KE poinformowała, że w szczególności "jej niepokój budzą przepisy prawne zmieniające polskie prawo telekomunikacyjne, które doprowadziły do przedterminowego wygaśnięcia mandatu szefa krajowego organu regulacyjnego - Urzędu Komunikacji Elektronicznej".

"Zgodnie z prawem UE (...) szefowie krajowych organów regulacyjnych mogą zostać odwołani tylko wtedy, gdy przestaną spełniać warunki wymagane do wykonywania ich obowiązków, które są z góry określone w prawie krajowym. Zasady te mają na celu usunięcie wszelkich wątpliwości co do neutralności tego ciała i jego odporności na czynniki zewnętrzne. Szef krajowego organu regulacyjnego został odwołany w wyniku zmian w zasadach powoływania i odwoływania szefów krajowych organów regulacyjnych, które rząd RP zastosował z mocą wsteczną do dotychczasowego mandatu prezesa krajowego organu regulacyjnego" - twierdzi KE

KE oświadczyła, że Polska ma dwa miesiące na udzielenie odpowiedzi i "podjęcie niezbędnych działań". Jeśli te KE uzna za niewystarczające, może podjąć decyzję o skierowaniu sprawy do Trybunału Sprawiedliwości UE.

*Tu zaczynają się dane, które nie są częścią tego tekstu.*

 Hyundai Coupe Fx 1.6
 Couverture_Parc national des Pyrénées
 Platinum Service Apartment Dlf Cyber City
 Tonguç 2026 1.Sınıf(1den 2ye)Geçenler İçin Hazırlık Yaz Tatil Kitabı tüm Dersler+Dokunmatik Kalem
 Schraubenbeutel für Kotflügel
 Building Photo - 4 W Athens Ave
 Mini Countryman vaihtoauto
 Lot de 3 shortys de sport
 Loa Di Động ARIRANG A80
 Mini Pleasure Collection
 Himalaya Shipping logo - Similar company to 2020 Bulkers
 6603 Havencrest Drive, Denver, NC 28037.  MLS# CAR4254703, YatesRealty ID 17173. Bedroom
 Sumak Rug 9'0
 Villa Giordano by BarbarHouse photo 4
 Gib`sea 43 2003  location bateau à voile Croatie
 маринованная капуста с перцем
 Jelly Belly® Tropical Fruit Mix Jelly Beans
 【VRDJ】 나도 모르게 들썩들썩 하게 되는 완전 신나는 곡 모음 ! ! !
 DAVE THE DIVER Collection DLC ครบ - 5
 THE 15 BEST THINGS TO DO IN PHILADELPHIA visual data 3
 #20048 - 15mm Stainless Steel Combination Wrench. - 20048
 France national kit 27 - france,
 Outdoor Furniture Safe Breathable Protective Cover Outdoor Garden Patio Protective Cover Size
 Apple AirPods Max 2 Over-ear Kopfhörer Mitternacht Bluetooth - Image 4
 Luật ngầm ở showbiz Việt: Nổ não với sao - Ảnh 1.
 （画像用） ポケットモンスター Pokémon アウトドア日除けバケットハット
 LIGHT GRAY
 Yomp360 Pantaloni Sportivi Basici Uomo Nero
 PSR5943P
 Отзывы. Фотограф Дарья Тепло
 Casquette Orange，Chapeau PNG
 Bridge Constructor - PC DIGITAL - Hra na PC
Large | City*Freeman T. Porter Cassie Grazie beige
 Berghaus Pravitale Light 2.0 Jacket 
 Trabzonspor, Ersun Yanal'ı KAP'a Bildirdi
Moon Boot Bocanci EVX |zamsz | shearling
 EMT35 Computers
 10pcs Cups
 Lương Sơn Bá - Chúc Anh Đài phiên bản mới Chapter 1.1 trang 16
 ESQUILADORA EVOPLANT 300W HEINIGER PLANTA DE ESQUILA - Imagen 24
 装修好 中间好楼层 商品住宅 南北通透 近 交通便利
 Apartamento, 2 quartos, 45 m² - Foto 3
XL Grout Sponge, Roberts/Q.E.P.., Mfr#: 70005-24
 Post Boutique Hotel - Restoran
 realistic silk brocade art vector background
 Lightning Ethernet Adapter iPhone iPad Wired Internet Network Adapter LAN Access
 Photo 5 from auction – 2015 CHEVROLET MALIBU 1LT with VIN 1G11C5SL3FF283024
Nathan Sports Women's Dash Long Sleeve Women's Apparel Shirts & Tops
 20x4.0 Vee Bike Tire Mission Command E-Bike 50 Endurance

Zmiany umożliwiające skrócenie kadencji prezesa UKE znalazły się w tarczy 3.0. Posłowie zdecydowali o wprowadzeniu trybu konkursowego przy wyborze prezesa UKE oraz znieśli wymóg zatwierdzania tej nominacji przez Senat. Ponadto zdecydowali, że kadencja obecnego prezesa UKE, która obejmuje lata 2016-2021, skończy się 14 dni od wejścia w życie nowelizacji.

Reklama

Resort cyfryzacji tłumaczył, że po zmianie przepisów wybór prezesa UKE będzie podlegał procedurze konkursowej, a tak obecnie nie jest. Nie musi on też teraz spełniać odpowiednich wymagań. Podkreślono, że m.in. z tego powodu wybór byłej już szefowej UKE Anny Streżyńskiej parę lat temu był kwestionowany przez operatorów. Sprawa znalazła swój finał w sądzie.

Ministerstwo cyfryzacji informowało, że jeżeli przepisy by się nie zmieniły, obecna kadencja szefa UKE zostałaby i tak automatycznie przerwana 22 grudnia 2020 roku z powodu przepisów UE.